Hi and welcome to a special edition of Assignment: The World. I’m Elissa Orlando.

We’d like you to meet Pamela Melroy and through her the past, present and future of the exploration of space. The word “astronaut” comes from Greek words that mean “space sailor”. Out of more than 290-million Americans, only 100 can currently claim to be astronauts. It’s a job Pam Melroy knew she wanted from a very early age.

1—Past PkgFeature No. 1
MELROY

(so) I was about 11 when I decided I was going to be an astronaut and it was the second thing you learned about me after my name. Hello my name is Pam and I’m going to be an astronaut
and I told everyone I met that’s what I was going to do.

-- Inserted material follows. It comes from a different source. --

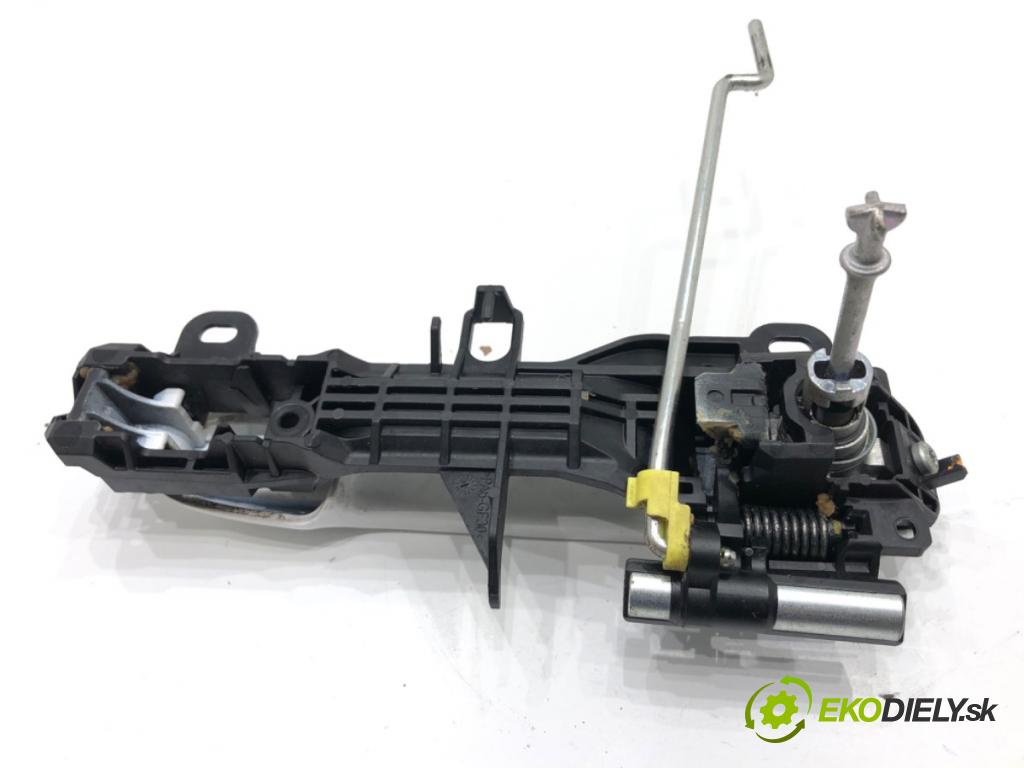 TOYOTA YARIS III liftback 2019 82 kW 1.5 (NSP131_) 1496 klika vnejší levý přední část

Melroy Parents: and of course we figured there would be 77 other careers come along in the teenage years and but she kept a focus on it she’s an inveterate reader and noticed she was reading a fair amount of science fiction but then when she went into HS she started concentrating on math and science

Studio:
(Melroy) there weren’t a whole lot of role models in aviation or science at the time but my parents told me always that I could do whatever I wanted to do as long as I worked hard and never gave up

Melroy parents:
M: Go for it
D: We kept saying go for it were not exactly sure what were supposed to do or how to help you but we encouraged her the entire way we told her from as long as we can remember that she can do what ever she wants to
M: she was a girl but that was ok
D: we knew she was bright enough that she was going to be good at whatever she decided to do and so I said that’s fine. I guess the only time that there was a question about it she came to me and said she loved the theatre dancing and acting in HS and whatnot she said dad I think I really want to go to NYC and go to theatre school after HS and i said Pam you’re good but you’re not that good and that’s a very tough business to get into i would encourage you to do that as a hobby and stick with you’re original plan that was the closest she ever came to thinking about doing something other than what she was doing

ATW FACT

The National Aeronautics and Space Administration or NASA came into being on October First, 1958 or about a year after the Soviet Union launched Sputnik 1, the world’s first artificial satellite..


INTRO Second Pkg

NASA has always been picky about who it sends into space. From a pool of 5-hundred candidates, NASA picked just 7 men for its first group of astronauts. That was in 1959. It wasn’t until 1983 that Sally Ride became the first American woman into space. Before her, young women like Pam Melroy didn’t have any role models to inspire them. Melroy and others made their dream come true by focusing on school and improving a wide variety of skills. It’s a combination she says is still valuable to succeeding generations of astronauts.

#2—second package

(Pam Melroy)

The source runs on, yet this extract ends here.